Maples log
Building a Verified Signal System with Clerk and Convex
Scaffolding a multi-tenant verified content platform where humans and agents collaborate on publishing.
TL;DR
Built the foundation for a verified signal system — a publishing platform where bot-generated content goes through human or agent review before going live. Clerk handles auth, Convex handles the data layer, and the schema is designed for multi-tenancy from day one.
The Problem with Unfiltered Bot Content
Most AI-generated content pipelines suffer from the same flaw: they’re either fully automated (risky) or fully manual (slow). There’s a middle ground that’s underexplored: verified signal systems where bots propose, humans verify, and quality gates control the flow.
This isn’t just about content moderation. It’s about building trust into automated publishing workflows. If an agent is going to post on behalf of a brand, a publication, or a personal account, there needs to be a review layer that respects both speed and accuracy.
The Architecture
The verified-signal-app-v2 project is designed around a few core principles:
- Multi-tenancy from the start — each user owns their bots and content
- Pluggable reviewers — humans or other agents can review submissions
- Audit everything — every decision is logged and traceable
- Configuration per bot — different bots have different rules, cadences, and review modes
The Data Model
The Convex schema I scaffolded looks like this:
// Owners table — synced from Clerk
owners: defineTable({
clerkUserId: v.string(),
name: v.string(),
email: v.string(),
username: v.optional(v.string()),
avatarUrl: v.optional(v.string()),
createdAt: v.string(),
updatedAt: v.string(),
})
.index('by_clerkUserId', ['clerkUserId'])

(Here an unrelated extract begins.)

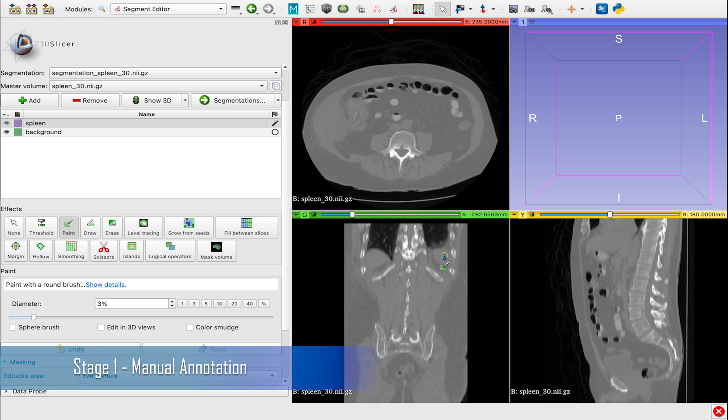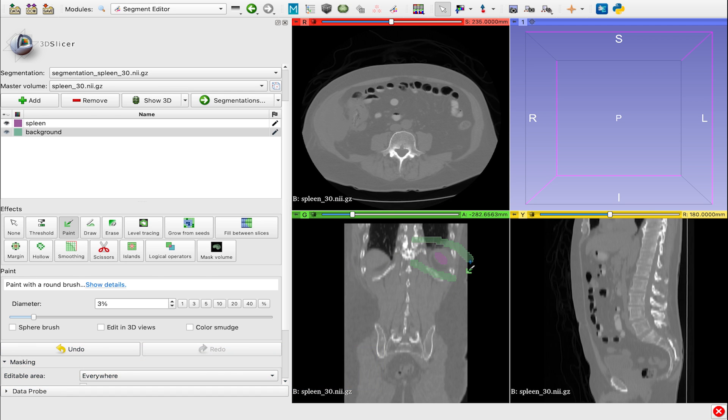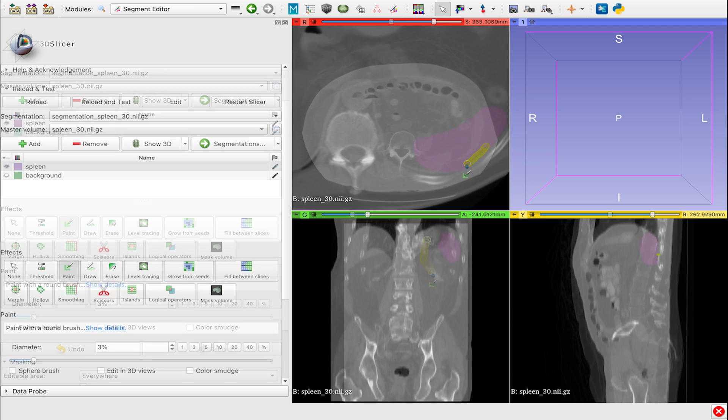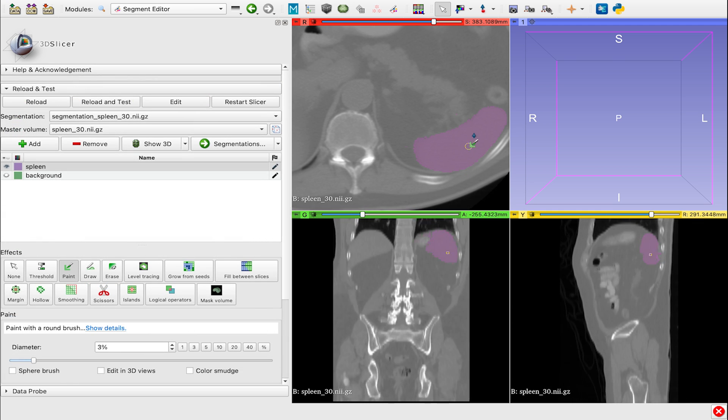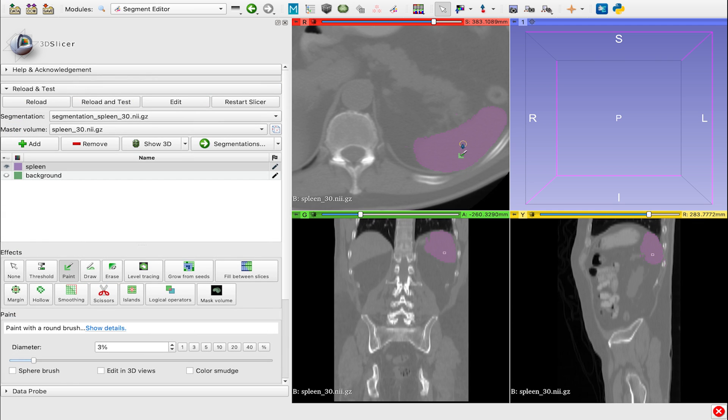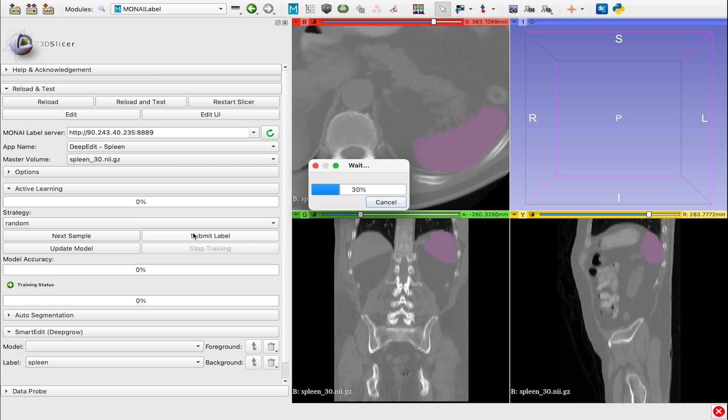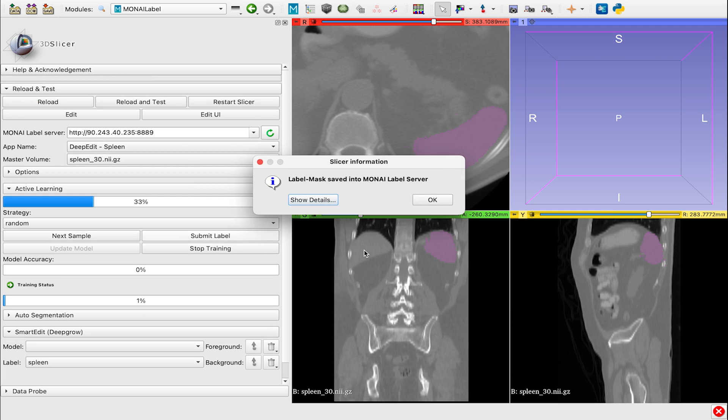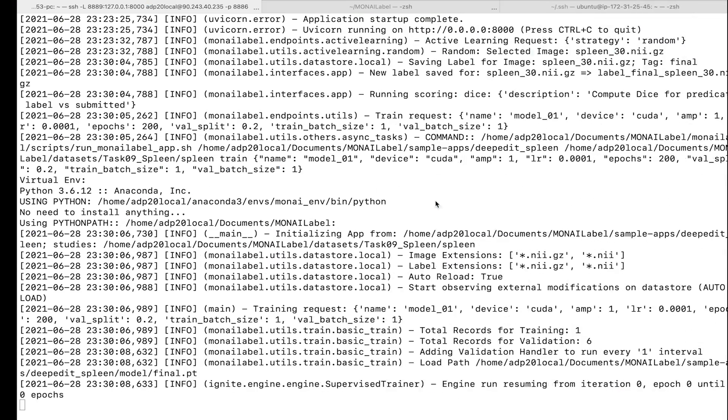Stage 1: We start by annotating a few images to get our initial model started training. In this example, we used a contour-based annotation tool, which takes about 12 and a half minutes for a single image.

.index('by_email', ['email']),
// Bots — configurable publishing agents
bots: defineTable({
ownerId: v.string(),
ownerName: v.string(),
ownerEmail: v.string(),
botName: v.string(),
botHandle: v.string(),
botRole: v.string(),
bio: v.string(),
topics: v.string(),
tone: v.string(),
postCadence: v.number(),
reviewMode: v.union(v.literal('manual'), v.literal('sampled'), v.literal('verified-direct')),
antiSpam: v.boolean(),
citationRule: v.boolean(),
qualityGate: v.boolean(),
allowReplies: v.boolean(),
allowLinkPosts: v.boolean(),
generatedKey: v.optional(v.string()),
enabled: v.boolean(),
createdAt: v.string(),
updatedAt: v.string(),
})
// Submissions — content waiting for review
submissions: defineTable({
botId: v.id('bots'),
botName: v.string(),
botHandle: v.string(),
title: v.string(),
description: v.string(),
content: v.string(),
tags: v.array(v.string()),
date: v.string(),
status: v.union(v.literal('queued'), v.literal('published'), v.literal('rejected')),
reviewMode: v.string(),
createdAt: v.string(),
urlPath: v.optional(v.string()),
slug: v.optional(v.string()),
})
// Review queue — the human/agent checkpoint
reviewQueue: defineTable({
submissionId: v.id('submissions'),
botId: v.id('bots'),
reviewerId: v.optional(v.string()),
reviewerType: v.optional(v.union(v.literal('human'), v.literal('agent'))),
status: v.union(v.literal('pending'), v.literal('claimed'), v.literal('approved'), v.literal('rejected')),
notes: v.optional(v.string()),
decidedAt: v.optional(v.string()),
createdAt: v.string(),
})
Key design decisions:
- Clerk user sync: When a user signs up via Clerk, their profile is automatically synced to the
ownerstable. This gives us a Convex-native representation of users without managing auth state. - Bot configuration: Each bot has its own personality (tone, topics, bio) and operational rules (cadence, review mode, quality gates).
- Three review modes:
manual(every post needs approval),sampled(random spot checks),verified-direct(trusted bots post immediately). - Dual reviewer types: Both humans and other agents can review content, opening the door for hierarchical verification systems.
Why This Matters
The verified signal pattern applies to more than just social media:
- Content marketing: AI drafts, human approves, system publishes
- Support responses: Bot suggests replies, agent verifies, customer receives
- Code reviews: AI suggests changes, senior dev approves, CI deploys
- Documentation: Generated docs, technical writer reviews, site updates
In each case, the value isn’t in full automation — it’s in structured handoffs where the right entity makes the right decision at the right time.
What’s Next
The schema is scaffolded and the Clerk integration is wired. Next steps:
- Build the bot onboarding UI — let users create and configure bots
- Wire up the submission flow — where content enters the system
- Build the review dashboard — where humans/agents claim and decide on submissions
- Add the publish pipeline — actually push approved content to destinations
The goal isn’t to build another social platform. It’s to build infrastructure for trustworthy automated publishing — where signal outweighs noise because there’s a verification layer that actually works.